No. 302 Squadron — City of Poznań
- Group
- No. 12 Group
- Command
- Fighter Command
- Home station
- RAF Leconfield
- Formed
- 13 July 1940
- Disbanded
- 18 December 1946
History
No. 302 (City of Poznań) Polish Fighter Squadron was formed at RAF Leconfield on 13 July 1940, one of several Polish units established in Britain following the collapse of France and the evacuation of Polish airmen who had already fought in the campaign there. Equipped initially with Hawker Hurricanes and assigned to No. 12 Group, Fighter Command, the squadron entered combat in August 1940 and took part in the closing stages of the Battle of Britain as part of the Duxford Wing. After converting to Supermarine Spitfires in late 1941 the unit shifted to offensive operations — bomber escort, cross-Channel sweeps, and convoy protection over the Irish Sea — before adopting a fighter-bomber role in the spring of 1944 in preparation for the Normandy invasion.
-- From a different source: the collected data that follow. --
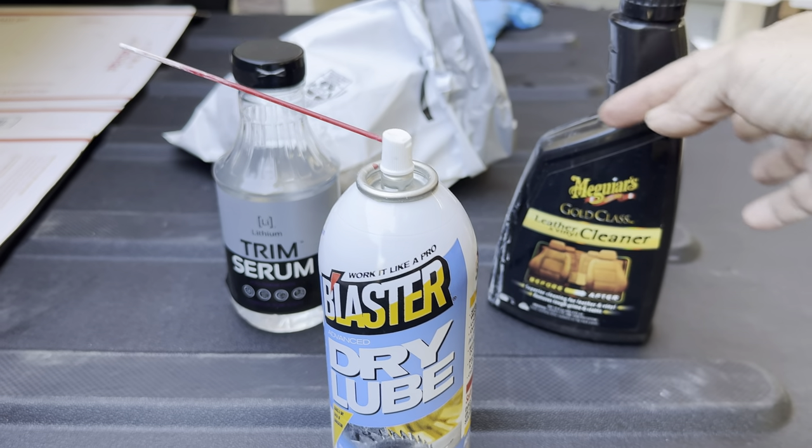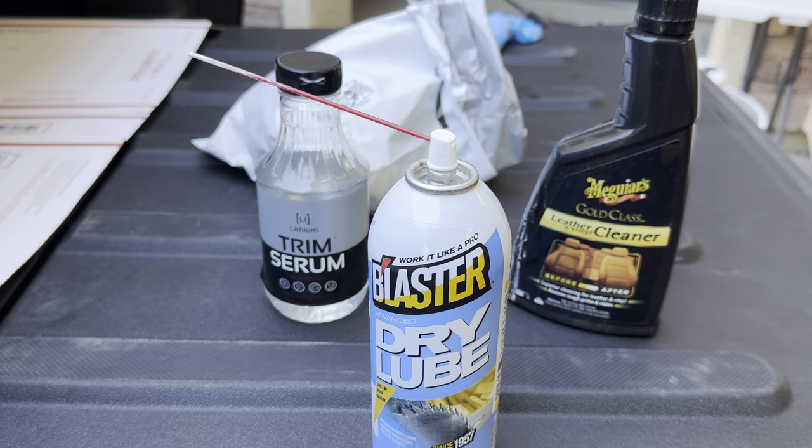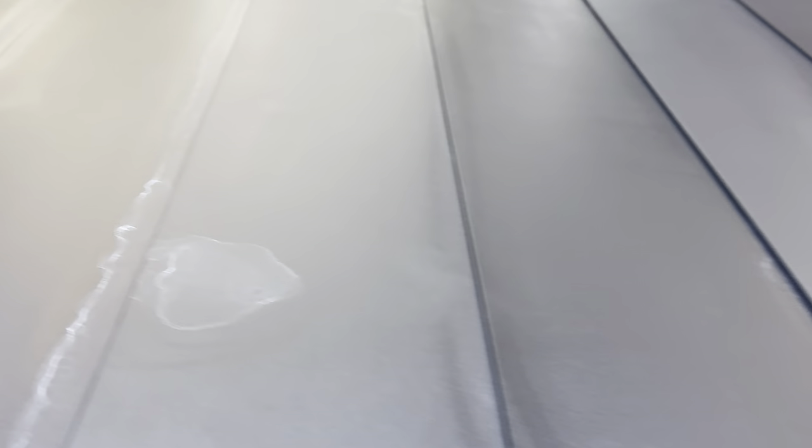I used this to clean all of the rubber parts and the track, used this to lube the slats and the track, and then I used this the way it's supposed to — to clean up the surface — but I put a lot of it on near the front so that it would lube a gasket that's right inside there.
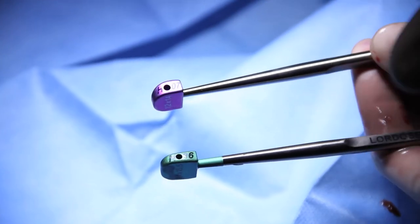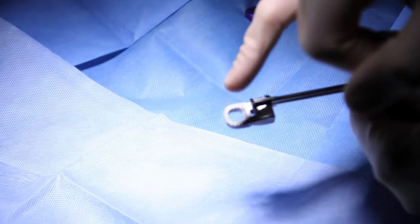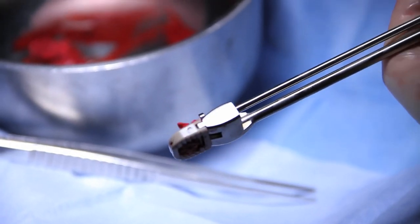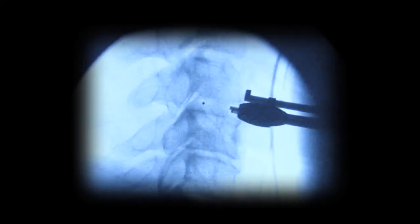The disc space is trialed for the appropriate size cage. The lordotic cage is selected to restore the normal curve of the spine. In this case, a 6mm height cage is selected and packed with bone grafting material, and then tapped into position into the disc space, restoring lordosis and the curve of the spine, confirmed by x-ray.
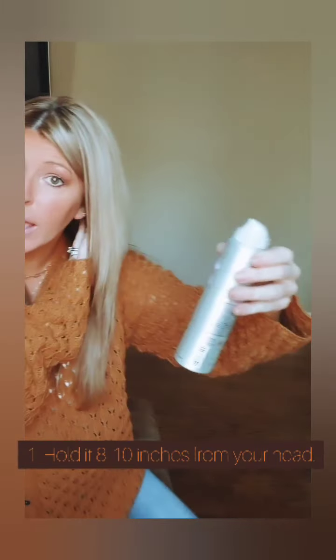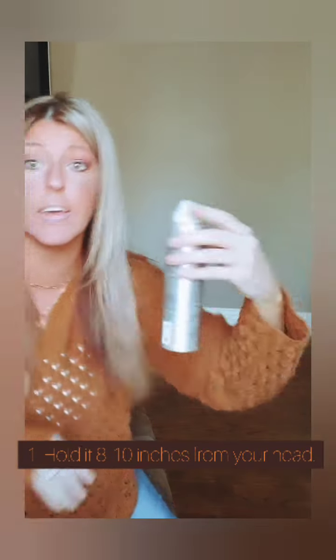So what I like to do — I'm going to show you a few tips on how I use it and the right way to use it. I'm not going to model the wrong way because I just washed my hair. Number one: you're going to hold this about eight to ten inches from your head if you're going to spray it. Do not go in and spray it down like this.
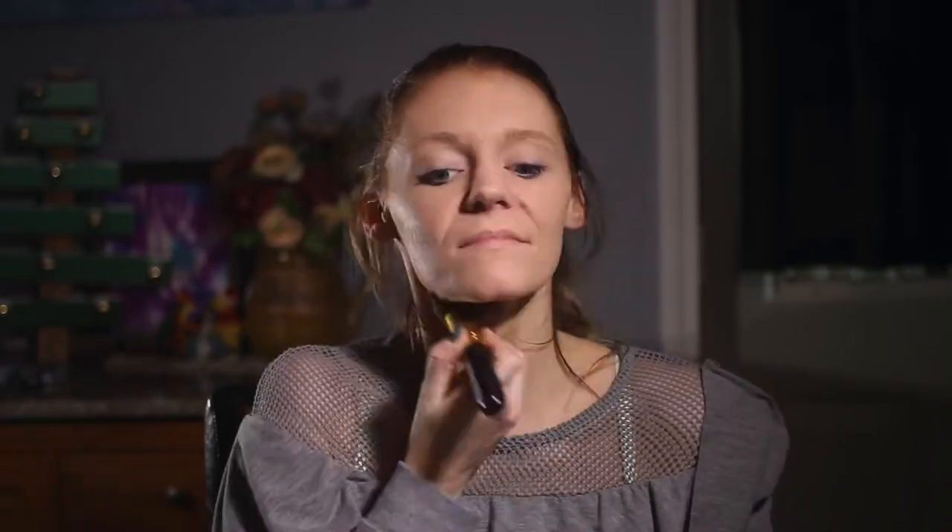I'm going to show you an everyday makeup look today. I usually use Maybelline Better Skin Foundation, so I'm just going to put that on. After I've blended in my foundation with this flat angled brush,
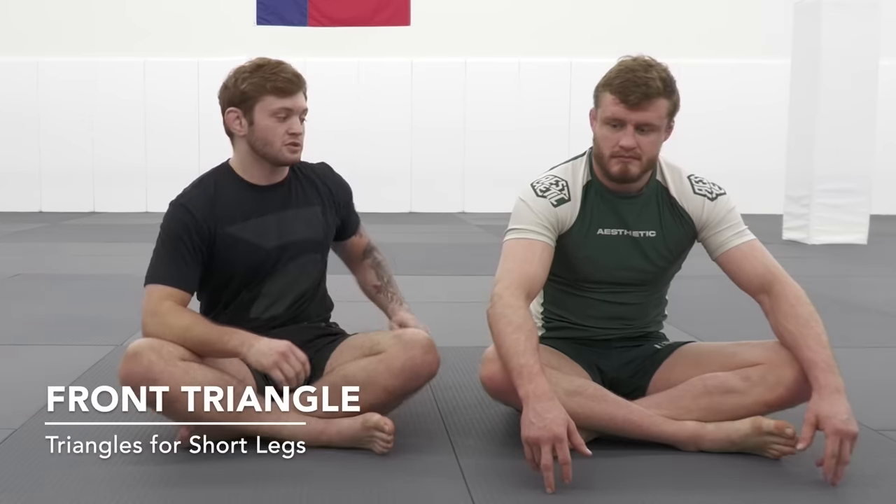What's up guys, we've been getting a lot of requests on how to finish triangles when you have short legs. So today I'm going to be going over a few of my main triangles that I hit in training. The first one we're going to start out with is just your standard front triangle.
On 11 June 1944, five days after D-Day, No. 302 became the first Polish squadron to land in France, subsequently advancing through Belgium and into Germany as part of No. 131 Polish Fighter Wing and No. 84 Group, Second Tactical Air Force. The squadron’s combat record included 63 enemy aircraft confirmed destroyed and 43 damaged at a cost of 20 pilots killed, 12 missing, and 9 taken prisoner before it was finally disbanded at RAF Hethel on 18 December 1946.